Pour ceux et celles qui espèrent renforcer l'appui électoral de la gauche, on peut se réjouir de ce que certains éléments de cette « nouvelle coalition progressiste » soient en essor démographique en Europe et en Amérique du Nord. La proportion d'immigrants ne cesse de croître. Le niveau d'éducation connaît une croissance continue. Le nombre de non religieux est en hausse. Le niveau d'urbanisation progresse également.

Au su de ces transformations sociales, il semblerait que la gauche puisse contempler de beaux jours devant elle. Il faut néanmoins souligner deux faiblesses électorales structurelles de ces groupes d'électeurs.

En premier lieu, l'expansion des groupes électoraux qui privilégient la gauche, tout réel soit-il, est limitée. S'il y aura proportionnellement, par exemple, dans les pays occidentaux, plus de minorités visibles et plus de diplômés en 2040, il y aura aussi beaucoup moins de jeunes.
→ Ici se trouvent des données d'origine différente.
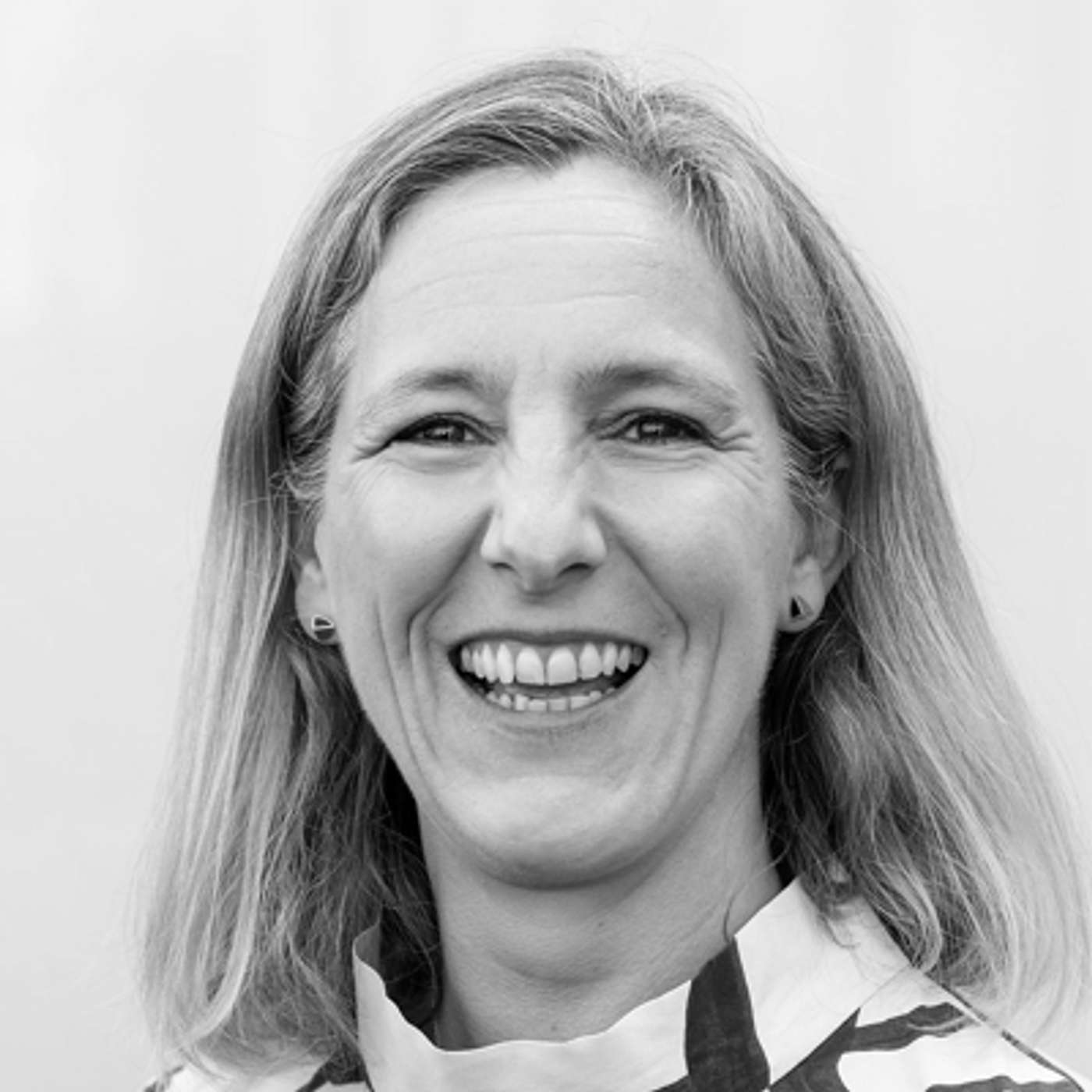 How to build a community with Michelle Goodall, chief marketing officer, Guild on the PRmoment podcast episode artwork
Par exemple, les personnes de 65 ans et plus représenteront alors près de la moitié (48%) de la population québécoise en âge de voter. Rien ne garantit qu'une population âgée penche, en soi, plus à droite qu'une population plus jeune, mais l'on sait que ce vieillissement favorise au moins certaines tendances conservatrices.

En second lieu, même si les femmes ont désormais un taux de participation aussi élevé que les hommes, il faut souligner l'abstention élevée de plusieurs catégories d'électeurs progressistes. Les jeunes en particulier désertent les urnes. En général, désormais, moins de la moitié des électeurs âgés de 18 à 24 ans votent aux élections (versus plus des trois-quarts pour les 65 ans et plus). Cet aspect du problème est décisif. Il ne suffit pas de pouvoir compter sur un plus grand nombre d'électeurs sympathiques aux thèmes et idéaux de la gauche; encore faut-il que ceux-ci daignent se rendre aux urnes.
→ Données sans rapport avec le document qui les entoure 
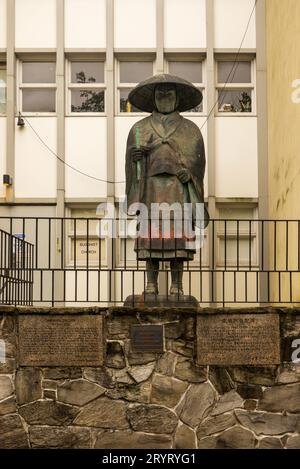 Statua di Shinran presso la chiesa buddista di New York in Riverside Drive a Manhattan Foto Stock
Pour une gauche majoritaire

Les deux faiblesses structurelles précitées empêchent toute réjouissance prématurée des mouvements progressistes. C'est une lapalissade d'affirmer que la nouvelle coalition progressiste n'a pas encore réussi à percer en Occident. Seulement cinq pays européens sur vingt-sept ont des gouvernements sociaux-démocrates. Aux États-Unis, la victoire historique d'Obama en 2008 ne devrait pas cacher que celle-ci a été acquise dans un moment très particulier de discrédit quasi-total du Parti républicain. La dégelée aux élections partielles du Congrès américain, deux ans plus tard, nous rappelle que les gains démocrates demeurent fragiles. Au Canada, Harper a réussi à arracher un premier gouvernement conservateur majoritaire depuis 1988.

Que peut-on faire pour renforcer la nouvelle coalition progressiste?

Pour réussir à bâtir une majorité électorale sociale-démocrate, il importe à l'évidence de convaincre certaines catégories d'électeurs plus conservatrices de rejoindre les rangs progressistes. Il importe aussi de faire le plein du vote chez des catégories sociales déjà acquises aux partis sociaux-démocrates. Mais au-delà de ces stratégies, le succès de la gauche dépendra de deux facteurs fondamentaux.

D'abord, il s'agit de mobiliser massivement les électeurs. Cela est plus facile à dire qu'à faire. Les nouveaux moyens de communication (Twitter, Facebook, etc.) n'ont rien d'une panacée.

Ensuite, il faut résister à la division du vote. En Australie, l'événement le plus troublant de l'élection de 2010, c'est l'apparition significative des Verts sur la scène politique. Pour la première fois dans l'histoire du Labour australien, un tiers parti menace de bloquer pour longtemps sa quête d'une majorité électorale. Il n'est plus seulement menacé à sa droite, mais aussi à sa gauche. Au Canada, cette division a donné les résultats que l'on sait au dernier scrutin. Les alliances stratégiques entre partis de gauche ne sont donc pas à bouder, au Québec sans doute plus encore qu'ailleurs.

De telles considérations nous rappellent une chose importante: le temps de convaincre de la pertinence des idées progressistes est passé. Il est maintenant le temps d'agir.